Josie Natori needed a few minutes to compose herself Friday morning, while telling her staff that her son Kenneth has been promoted to president of her company.
“It was emotional. He was in a crib when I started my business almost 40 years ago. I used to keep the Telex machine in his room and it would be going off all night when the orders would come in,” she said.
While her tears momentarily concerned a few employees, Natori, chief executive officer and chief creative officer, said assuringly, “I’m not going any place. Having someone to take the company to the next level is the smart thing to do. It’s a great thing to bring in another generation that has a fresh mind-set.”
Asked if she envisions a time when she won’t be working, Natori said, “Oh God, no.”
In house, the brand handles sleepwear, ready-to-wear, loungewear and eveningwear, and through licensing deals there are bras, bedding, towels, rugs and fragrance. The company has 65 staffers in its Madison Avenue office and about 35 in a Secaucus, N.J., warehouse. Last fall, the company relocated to a 45,00-square-foot warehouse, nearly doubling the space. There are also about 400 employees in the firm’s factory in the Philippines. A second New York store is being considered for next year, as well as one in the Philippines. Given the breadth of products, it’s not surprising that Natori may collaborate with a hotel resort to showcase “bedding, decor, caftans — the whole nine yards — but made in the Philippines.”
“My approach has always been reigniting or reimagining,” Josie Natori said. “When I got into the business, I never understood this idea of departments because I’ve always approached it as a lifestyle. From day one in lingerie, I was trying to sell pillows and fragrance but I realized there is only so much you can do in that department.”
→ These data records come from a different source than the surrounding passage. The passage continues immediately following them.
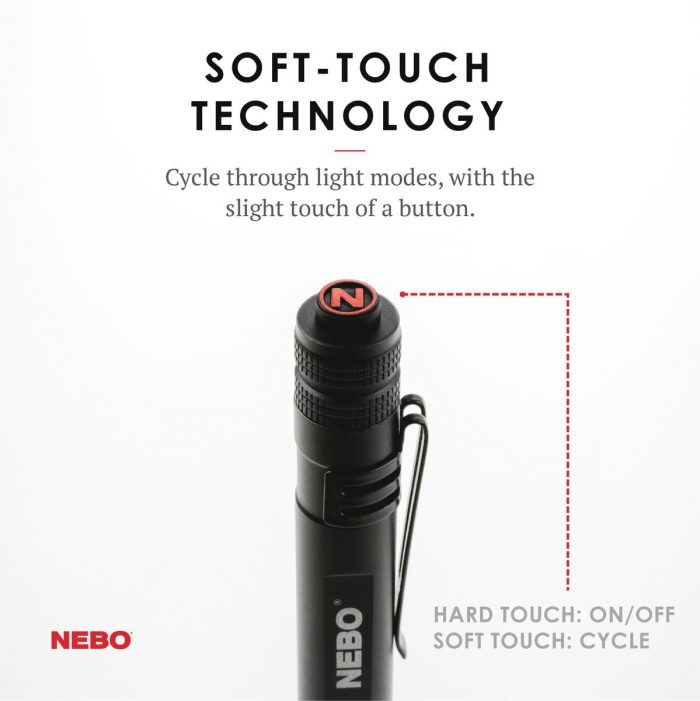 Black flashlight labeled "INSPECTOR RC" with soft-touch technology. Features include cycling through light modes with a button. Text highlights "Soft-Touch Technology" and "Hard Touch: On/Off, Soft Touch: Cycle." NEBO logo visible.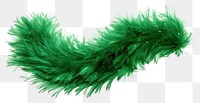 Christmas tinsel green white background caterpillar. 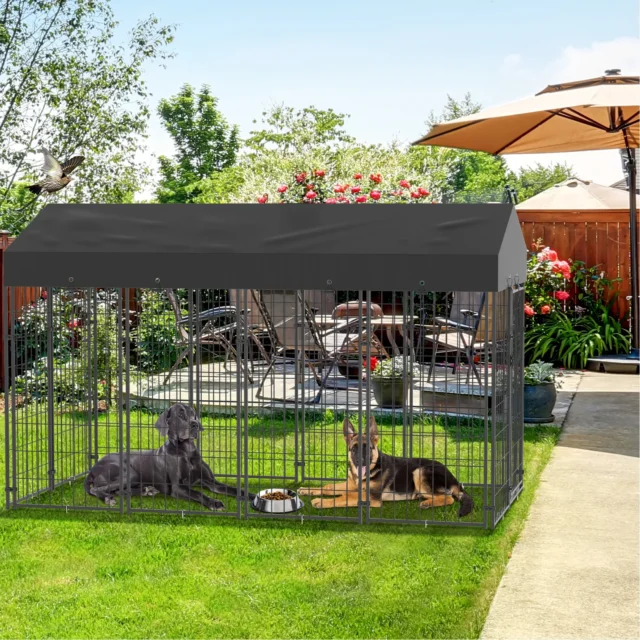 Large Dog Kennel Outdoor Dogs Welded Wire Kennels and Runs Crates for Yard with Stakes Water Proof Cover Canopy - Image 4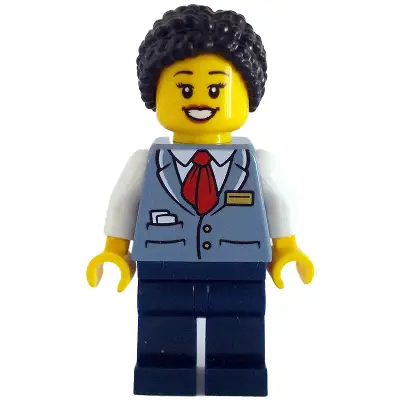  Tram Driver - Female, Sand Blue Vest, Dark Blue Legs, Black Hair Braided with Knot Bun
Last year’s total retail volume was $200 million and the aim is to become a $250 million operation in 2017. Natori plans to unveil hosiery, socks and leggings during next month’s legwear market and footwear is another area of interest. Last fall, the brand launched its first mail-order catalogue for ready-to-wear and this spring another featuring rtw, bras and home decor will be shipped to about 40,000 consumers. “The combination of e-com, our own direct [mail catalogue] and working with stores has been incredibly helpful to us,” Josie Natori said.
After consulting for a few months, Charles Soriano is now vice president of design operations, product development and production at the company.
In the nine years since the designer’s son joined the company as vice president, he launched its e-commerce business, ramped up licensing and steered public relations and marketing efforts. A Stanford MBA grad, who worked in international sales at Lehman Brothers, he offers a different version of the camera-ready executive, having been a reporter at Bloomberg LP for five years. Through his Bloomberg News connections, he continues to cohost a special radio show, called “Titans of Retail.” In addition to CNBC and other on-air appearances, he and his mother tag-team for HSN appearances. In October, the company started selling via a shopping channel in Canada.
Ken Natori stressed the importance of having a family behind the brand as well as dedicated production capacity.
“Other brands don’t know the conditions of their factories or where their stuff is made,” he said. “In addition to creating luxury product, we need to convey the fact to customers, whether that’s through social media or public appearances, that we are different. We’re not just some licensed brand that is one of 13 licensed brand at the same company.”
Another voice at the company is Natori’s wife Anika, who blogs for the Josie by Natori collection as “The Josie Girl,” aimed at shoppers between the ages of 20 to 35.
“The customer of tomorrow thinks differently. They want to be entertained, they want to feel good,” Josie Natori said. “How do you approach that? How do we see our market in the future?”
With distribution in Japan and the Phillipines, the company has not paid as much attention to global opportunities as it could, but that is now among Ken Natori’s priorities. Increasingly, whether it’s Neiman Marcus, Saks Fifth Avenue, Dillard’s or Bloomingdale’s, Natori said she is “finding more and more now, stores are saying let’s do it, when I suggest something new.”
“We’re very nimble. There’s no bureaucracy here. If my mother has an idea, she just makes it happen. We have our factory. We have our own warehouse,” he said. “Going forward as the environment becomes more difficult, consumers are less loyal and retailers are asking more and more from us, we have to maintain an entrepreneurial spirit. But in order to run more efficiently, we have to have more attention to detail in terms of our strategy, our resource allocation, planning. We’re kind of like a yin and yang — she sees something and wants to go do it and I want to put a process behind it.”
Proof of Natori’s zeal would be launching eveningwear one month after her publicist Paul Wilmot suggested she get into the category. Then there was the February day in 2013 she showed up at the office and said she had signed a lease for an Elizabeth Street store, which she opened in May.
The mother-son team plans to celebrate the promotion once she returns from her monthly weekend visit to Manila. One matter that is still under debate is whether Josie and Ken Natori will share an office — she says yes, he is not convinced.